### Task instructions
In the records below, find the line containing "Yacht Photos Pics", then print it and every following line exactly, through the last, without pictures.

### Task data
━━━━━━━━━━━━━━━━━━━━

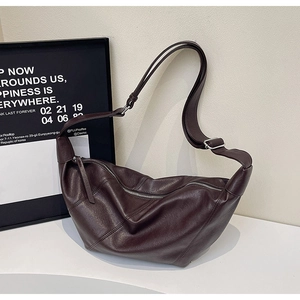 Detail of dark brown leather crescent bag with silver zipper and adjustable strap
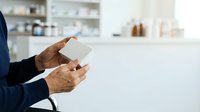 Senior man with dark skin tone holding blank white card in modern kitchen interior, suitable for business, healthcare, retail, and promotional campaigns.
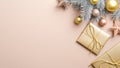 Top view Golden Christmas gifts and decorations on paste ivory background with copy space. Flat lay Xmas tree silver branch, Royalty Free Stock Photo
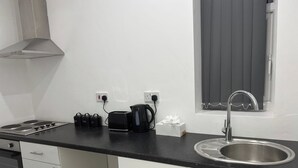 Pieni, käytännöllinen keittiönurkkaus, jossa on kaasuliesi, leivänpaahdin, vedenkeitin ja pesuallas.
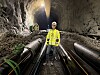 Person i verneutstyr står mellom store rør inne i en fjellhall med gruslagt gulv og belysning i taket.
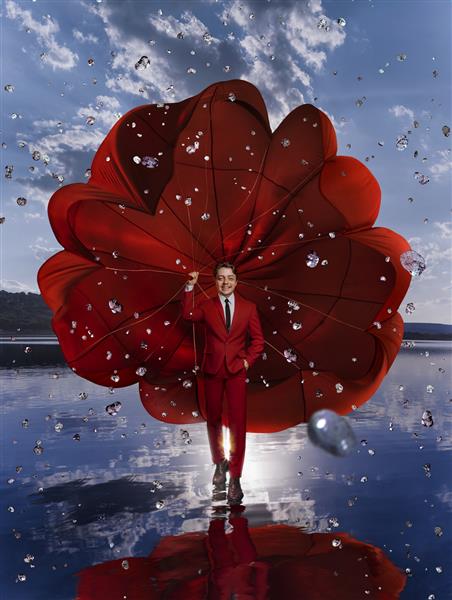 مرد زیبا با چتر نجات قرمز در بالای دریاچه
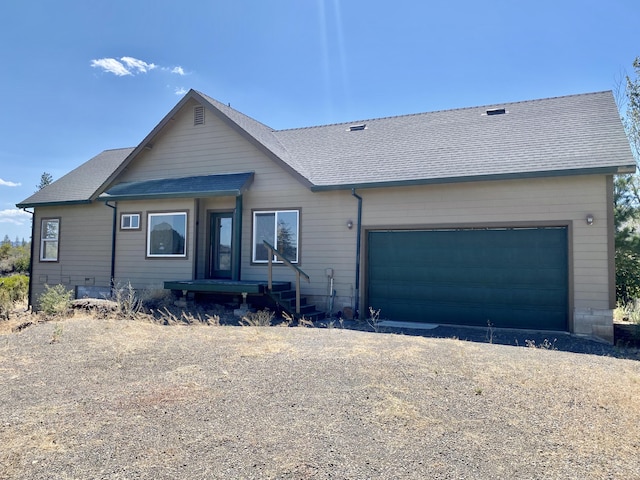 view of front of property with a garage, driveway, and a shingled roof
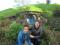 Two people pose in front of a hobbit house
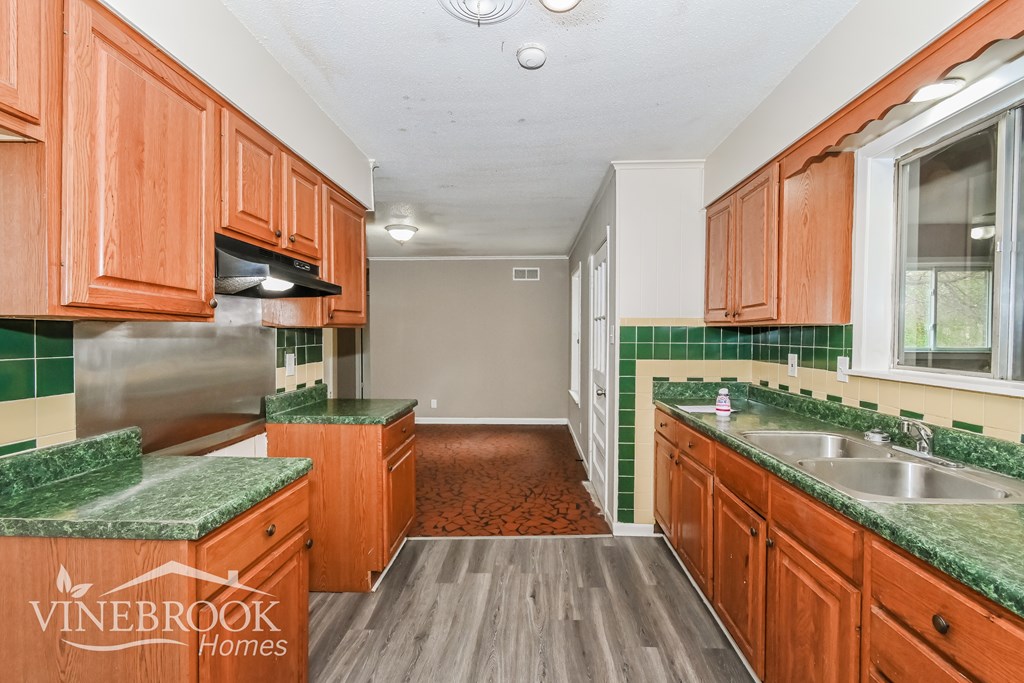 A kitchen with wooden cabinets and green countertops.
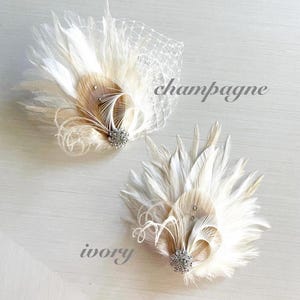 Op de afbeelding: Twee decoratieve haaraccessoires met witte en champagnekleurige veren, een centrale kristallen versiering en gekrulde accenten. E&eacute;n stuk bevat een witte netsluier. De tekst champagne, ivory en {kirahley kreations} is zichtbaar.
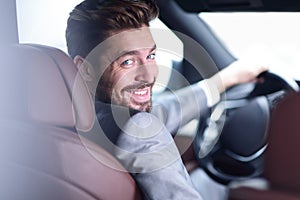 Successful man sitting behind the wheel of a prestigious car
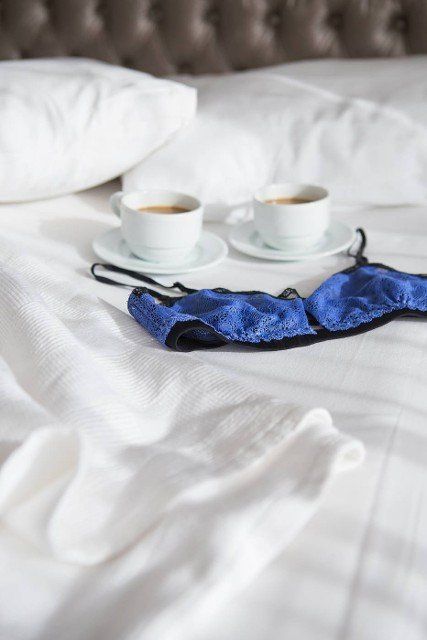 two cups of coffee and a beautiful bra on a white bed,  close-up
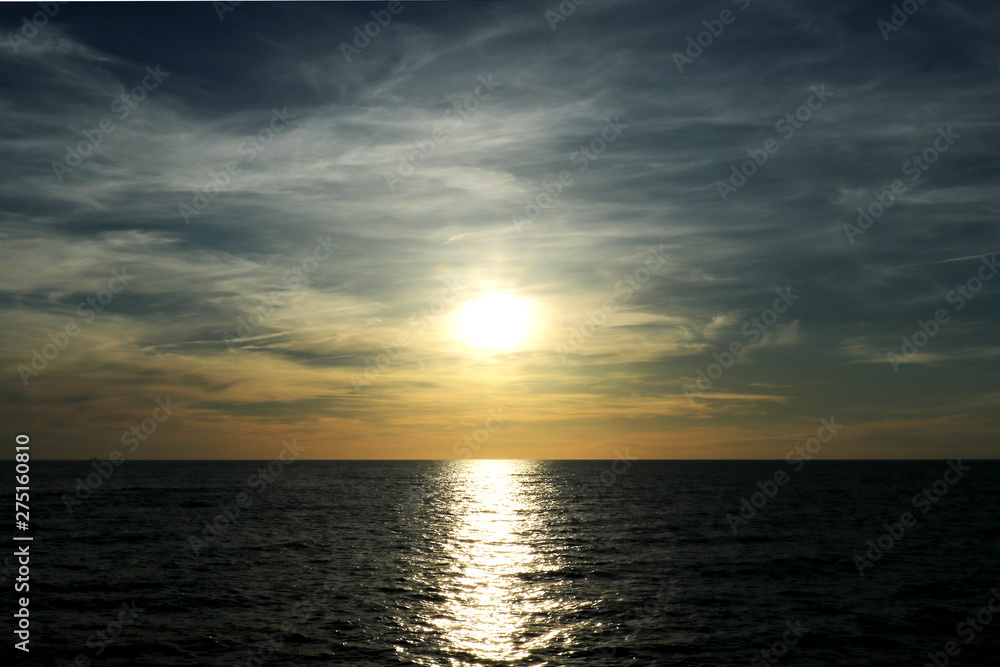 Sunset on the Baltic Sea with a beautiful sky, background. Palanga, Lithuania Sunset on the Baltic Sea with a beautiful sky, background. Palanga, Lithuania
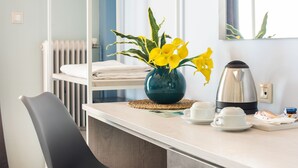 A hotel room with a bed, a bedside table with a vase of yellow flowers, a kettle, and a cup and saucer on the table. - Myrto Hotel (Marathon)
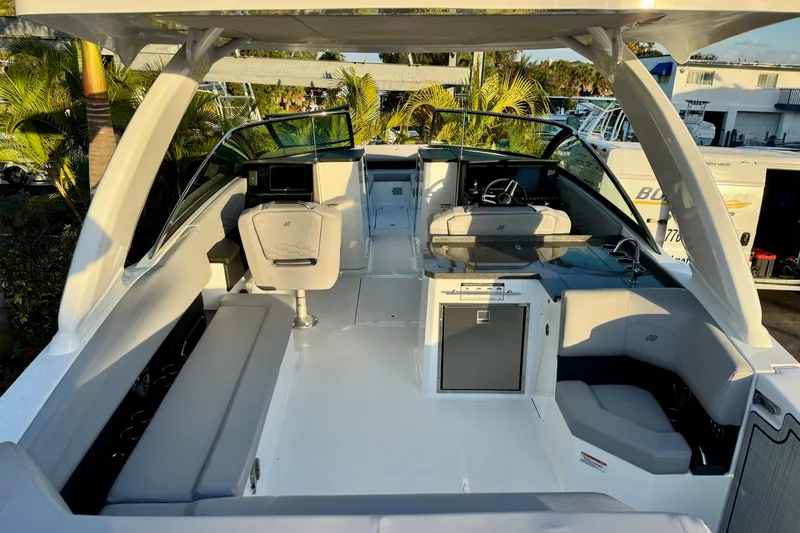  Yacht Photos Pics 2026 Four Winns H33 OB boat interior with modern seating and helm, surrounded by lush greenery.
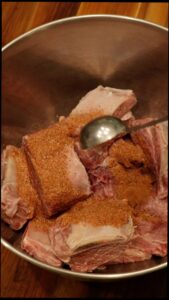 Adding Haitian spice to beef cuts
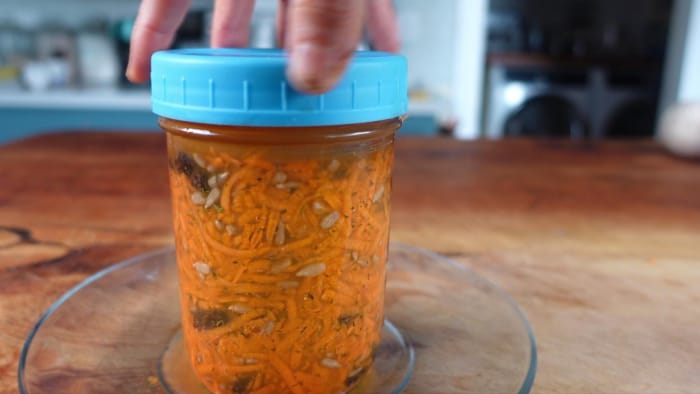 placing the lid on the jar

━━━━━━━━━━━━━━━━━━━━

### Response area
  Yacht Photos Pics 2026 Four Winns H33 OB boat interior with modern seating and helm, surrounded by lush greenery.
 Adding Haitian spice to beef cuts
 placing the lid on the jar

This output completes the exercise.